Dostoevsky Reads Hegel in Siberia and Bursts Into Tears
Hegel excludes Siberia from Universal History; Dostoevsky turns it into a place of salvation
At first glance, I was thrilled by the title of László Földényi’s essay, Dostoevsky Reads Hegel in Siberia and Bursts Into Tears (Galaxia Gutenberg, 2026, Kindle Android version). Reading it more than met my expectations. Földényi’s continuous references to Dostoevsky’s Notes from Underground and Hegel’s Lectures on the Philosophy of World History accompanied the reading of the essay.
Földényi’s vision of Hegel strikes me as accurate. It is not a mere gloss on the philosopher’s idea of history; rather, it is a critique of Hegel’s idealistic rationalism, delivered with philosophical and literary finesse. Hegel, faithful to his circular system where the real is rational and the rational is real, constructs a universal history to his own measure, trapping reality within his system. Whatever escapes the system, he excludes as irrational.
“Hegel’s interpretation of history,” Földényi notes, “subordinates everything ‘divine’ to that which is under human control. Ultimately, it tacitly refers everything to the realm of politics, and a symptom of this is the attempt to find an explanation for everything. Even for that which has none. Obeying the modern process of secularization, it does not seek the unlimited divine hidden behind politics, but quite the opposite: at every moment it tries to interpret the unlimited divine (that is, what is uncontrollable for the human mind) from political points of view (p. 15).”
In reality, Hegel’s God is superfluous in his philosophical system, as his own disciples pointed out to him. It is the Hegelian man who occupies the place of God.
The clash between Hegel and Dostoevsky takes place in Siberia. Hegel begins his lectures on universal history by announcing to his audience:
“First we must set aside the northern slope, Siberia. It lies outside the scope of our study. The characteristics of the country do not allow it to be a stage for historical culture nor to create its own form in universal history (p. 6).”

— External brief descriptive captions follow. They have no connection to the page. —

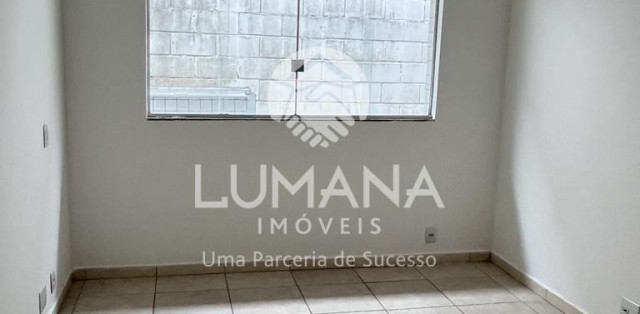 PRÉDIO INDIVIDUAL 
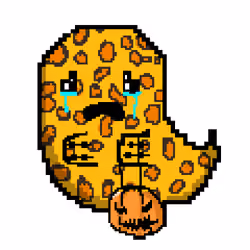 OnChainGhost #2195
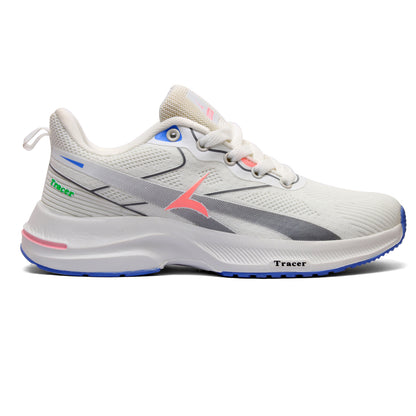 Women's Sneakers White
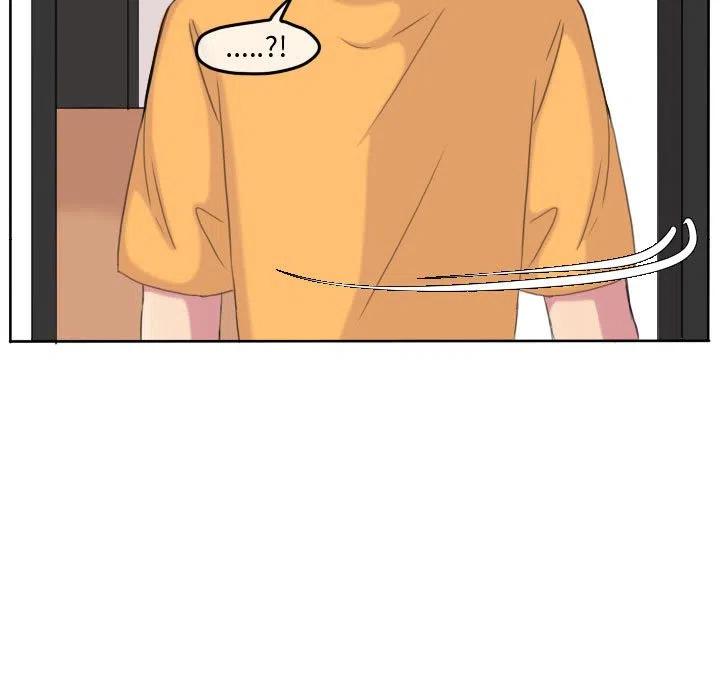 11132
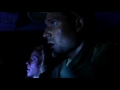 Shaawanokie: First 8 min. rough cut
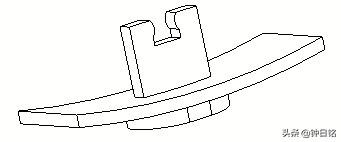2224948bc552a95f99f1cc363c524cd3.png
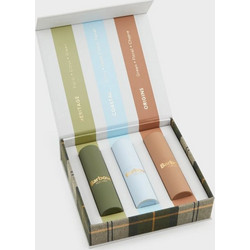 Barbour For Her Trio Set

Siberia does not possess the qualities to be part of the rational history he preaches. This is the very Siberia inhabited by Dostoevsky during those years, stationed there as a soldier. With one stroke of the pen, neither Siberia nor he were part of universal history. It is true that Siberia harbors horrors and precarity, but that dark side is not all that exists. He says:
“It was a great happiness for me: Siberia and forced labor! They say it is terrible and outrageous, they speak of a justified indignation… what nonsense! Only there did I begin to live in a happy and healthy way, only there did I understand myself… Christ… the Russian man, and only there did I have the feeling of being Russian, of being a son of the Russian people. My best thoughts arose back then and now they only return, though never with the same clarity! (p. 23).”
Hegel and Dostoevsky move on entirely different wavelengths.
Dostoevsky wrote in his Notes from Underground (1864):
“One can say anything about world history, anything that might enter the most disordered imagination. The only thing that cannot be said is that it is rational. The very first word would get stuck in our throat.”
Indeed, one only needs to look at universal history—both distant and recent—to realize that history does not move by dialectical laws as Hegel, and later Marx himself, maintained. Hegelian and Marxist rationalist history behaves like waves that necessarily break on the seashore. There is no room for freedom or for the personal biography of human beings with their joys and sorrows. Logical determinism leaves no space for hope, for the marvelous, or for the miraculous.
Földényi’s critique reaches modernity itself, insofar as it reduces all human events to the level of a problem—as Gabriel Marcel would put it—that is, a matter which, with the help of technology, would eventually be resolved. Nothing would escape the domain of human capacity: knowledge is power. Everything would have a solution. Happiness would not be in the hereafter; paradise is here and now.
“We find ourselves,” Földényi affirms, “in a world that is beginning to become controllable in a total way and without allowing any loophole, just as the Creator expected. It possesses divine attributes, although it is characterized precisely by the increasingly evident lack—or absence—of God (p. 31).”
Systems increase, yet happiness remains elusive. Control and over-regulation do not achieve paradise. The coldness of processes identifies fingerprints, but fails to capture the dramas, tears, and joys of flesh-and-blood human beings.
Once again, as Benedict XVI pointed out, we face the great challenge of expanding rationality and not remaining solely within logical calculation. We must recover the integrity of the human being and insist on personal dignity: each person is a whole. On this path, Dostoevsky is a fine mentor for feeling and touching what is truly human.